This past summer, there were two major outages to the Vancouver SKYTRAIN
service. It is a driverless system that started in 1986.
An investigation resulted in a report.
CBC article about the issue:
>
www.cbc.ca/news/canada/british-columbia/skytrain-shutdown-investigation-makes-20-recommendations-1.2838964
Actual report:
>
http://www.translink.ca/~/media/documents/about_translink/media/2014/tra_1795_independent_review_booklet_final.ashx
Basically, electrician doing work on the UPS caused one breaker to jump,
cutting off lights and others stuff in the system control room.
The staff didn't know which breaker it was, and assumed the whole system
was down (trains were still moving), and rebooted the whole UPS system
instead of trying to figure out which breaker had jumped.

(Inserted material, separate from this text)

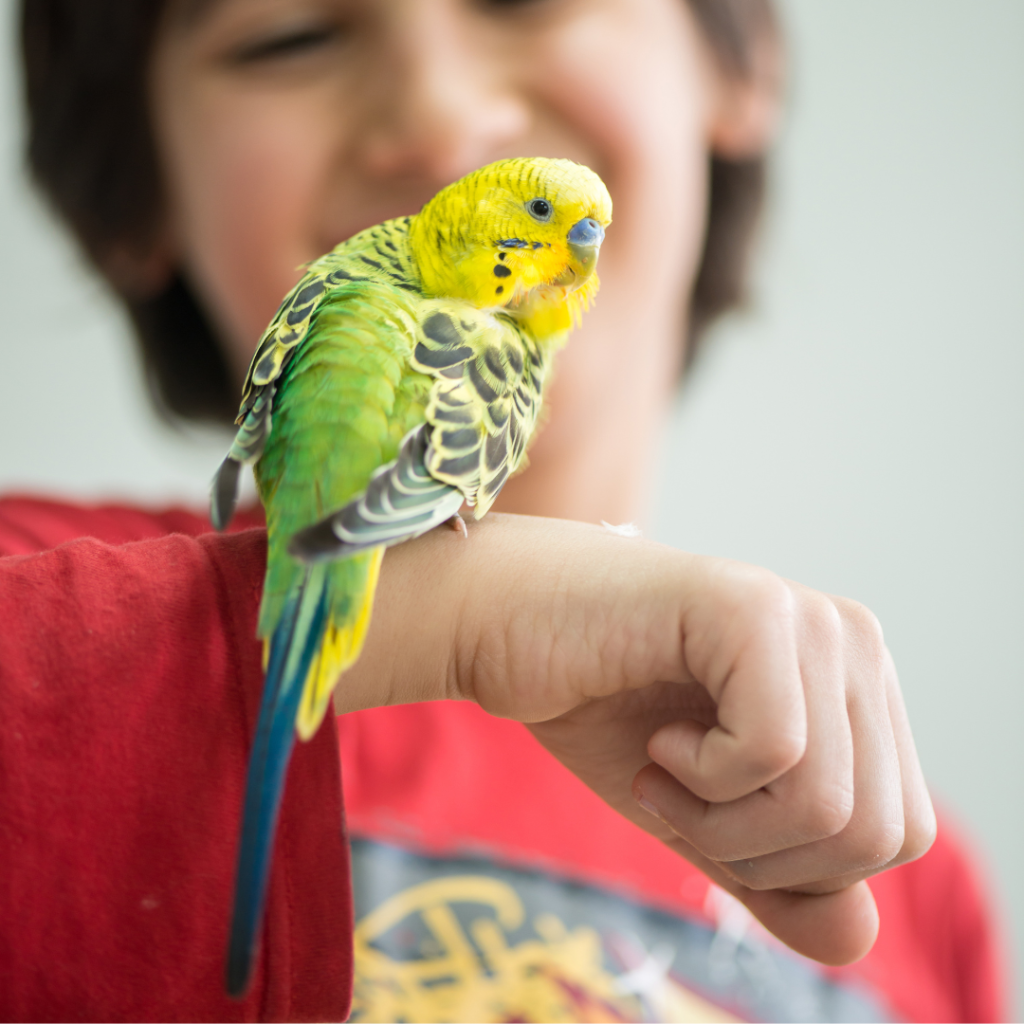 Parkiet Vogel Op Hond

In doing that reboot, they actually shutdown the whole system, and once
back up, the software had no awareness of where each train was, so
nothing could move.
This is a good example of a disaster recovery plan that did not consider
ALL aspects, notably documentation of what systems were on what UPS
breeaker, how to know which UPS breakers have tripped and how to reset
them other than rebooting the whole UPS.
Also, they plan lacked a "what has failed, and what is still running"
process before taking any action.
I was once caught in a situation where I had not planned for an H4000
AUI to thick coax would fail. This had many consequences as the
production system was still processing but transactions not sent over
ethernet to volume shadowed disks at backup site.
Even sice that event, I have had an interest in looking at simular
failures where something was unplanned for in the disaster recovery plan.